The Daily Dish

The Sanders Wealth Tax

Eakinomics: The Sanders Wealth Tax

Senator and presidential candidate Bernie Sanders has proposed an aggressive tax on the wealth of individuals and married couples. Specifically, married couples with a net worth over $32 million would be subject to an initial tax of 1 percent on net worth up to $50 million, 2 percent on $50 million to $250 million, 3 percent from $250 million to $500 million, 4 percent from $500 million to $1 billion, 5 percent from $1 billion to $2.5 billion, 6 percent from $2.5 billion to $5 billion, 7 percent from $5 billion to $10 billion, and 8 percent on net worth above $10 billion. Individuals would face the same rates, with the brackets cut in half.

Economists Emmanuel Saez and Gabriel Zucman of the University of California, Peoples Republic of Berkeley provided their analysis of the proposal to the Sanders campaign. According to Saez and Zucman, the policy will affect very few Americans — 180,000 or 0.1 percent — and raise a lot of money — $4.35 trillion over the next 10 years. This is the standard pitch for the spate of progressive wealth tax proposals: lots of easy money with little impact on Americans.

There are at least three problems with this message.

First, there may not be a lot of easy money. Saez and Zucman provided a similar rosy analysis of Senator Elizabeth Warren’s 2 percent wealth tax, which ignited a fierce back-and-forth with former Treasury Secretary Larry Summers about its realism. The reality is that it is pretty difficult to value net worth and extremely difficult to control avoidance and evasion. This fact is one of the reasons that of the 12 countries in the Organisation for Economic Co-operation and Development that had a wealth tax in 1990, only three remain.

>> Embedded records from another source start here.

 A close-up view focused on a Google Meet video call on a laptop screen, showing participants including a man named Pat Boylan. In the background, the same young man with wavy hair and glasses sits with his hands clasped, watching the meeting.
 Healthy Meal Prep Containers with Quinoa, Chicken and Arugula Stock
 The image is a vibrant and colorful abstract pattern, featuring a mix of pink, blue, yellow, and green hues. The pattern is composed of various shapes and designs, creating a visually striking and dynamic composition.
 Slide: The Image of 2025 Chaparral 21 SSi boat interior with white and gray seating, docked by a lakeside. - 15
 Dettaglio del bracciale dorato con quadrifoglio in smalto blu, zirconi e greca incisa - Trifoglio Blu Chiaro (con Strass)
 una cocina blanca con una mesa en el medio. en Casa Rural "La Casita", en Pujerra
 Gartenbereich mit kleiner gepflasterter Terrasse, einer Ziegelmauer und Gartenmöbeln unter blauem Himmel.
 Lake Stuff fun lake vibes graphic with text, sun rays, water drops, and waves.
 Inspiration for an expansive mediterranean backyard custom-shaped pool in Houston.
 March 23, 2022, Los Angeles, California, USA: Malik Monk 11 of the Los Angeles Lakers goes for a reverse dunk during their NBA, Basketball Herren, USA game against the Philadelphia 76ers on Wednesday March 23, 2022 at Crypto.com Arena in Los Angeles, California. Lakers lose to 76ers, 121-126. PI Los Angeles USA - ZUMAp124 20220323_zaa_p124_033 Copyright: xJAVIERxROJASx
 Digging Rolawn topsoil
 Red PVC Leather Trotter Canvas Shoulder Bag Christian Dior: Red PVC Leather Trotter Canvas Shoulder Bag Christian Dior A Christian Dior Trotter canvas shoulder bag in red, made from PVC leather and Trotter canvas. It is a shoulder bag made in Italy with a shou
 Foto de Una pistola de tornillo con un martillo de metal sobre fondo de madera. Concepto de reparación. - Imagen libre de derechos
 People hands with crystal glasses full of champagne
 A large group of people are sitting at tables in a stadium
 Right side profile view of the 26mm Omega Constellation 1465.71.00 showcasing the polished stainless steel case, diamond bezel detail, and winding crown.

Second, that’s not really the goal. The goal is to attack the affluent because they are affluent, and make them less so. Per Saez and Zucman: “We estimate that if the Sanders wealth tax had been in place since 1982, the wealth owned by the Forbes 400 richest Americans would be only 40% of what it is today: Instead of having a wealth of $7.2 billion on average (in 2018), they would have a wealth of $3.0 billion on average. The share of wealth owned by the Forbes 400 would not have exploded and would only be slightly higher than it was in the early 1980s. The current top 15 wealthiest Americans would own $196 billion (instead of the $943 billion they own in 2018).” Notice that if you are in the 8-percent bracket, your net worth has to earn an 8-percent return each year just to pay the taxes; anything less and wealth will diminish.

There is nothing about demonizing one part of a society that helps to develop more social cohesion. And making another person poorer does not in-and-of itself make anyone else better off.

Third, it may be the case that the wealth tax inflicts much wider damage by placing annual tax rates on the return to saving and investment that may even exceed 100 percent. This tax hike would dramatically raise the cost of capital, diminish investment, and harm growth in productivity and output. We’ve witnessed over the past decade the broad distress produced by an underperforming macroeconomy. From this perspective, a lot more research is needed about the broader impacts of such a policy; moving ahead without doing due diligence is a risky bet, at best.

The Sanders wealth tax is hardly a ho-hum affair. It is a maliciously motivated assault that will likely produce less revenue and more damage than advertised.


Fact of the Day

In 2018, poverty decreased by 0.5 percentage points, putting it at its lowest rate since before the Great Recession.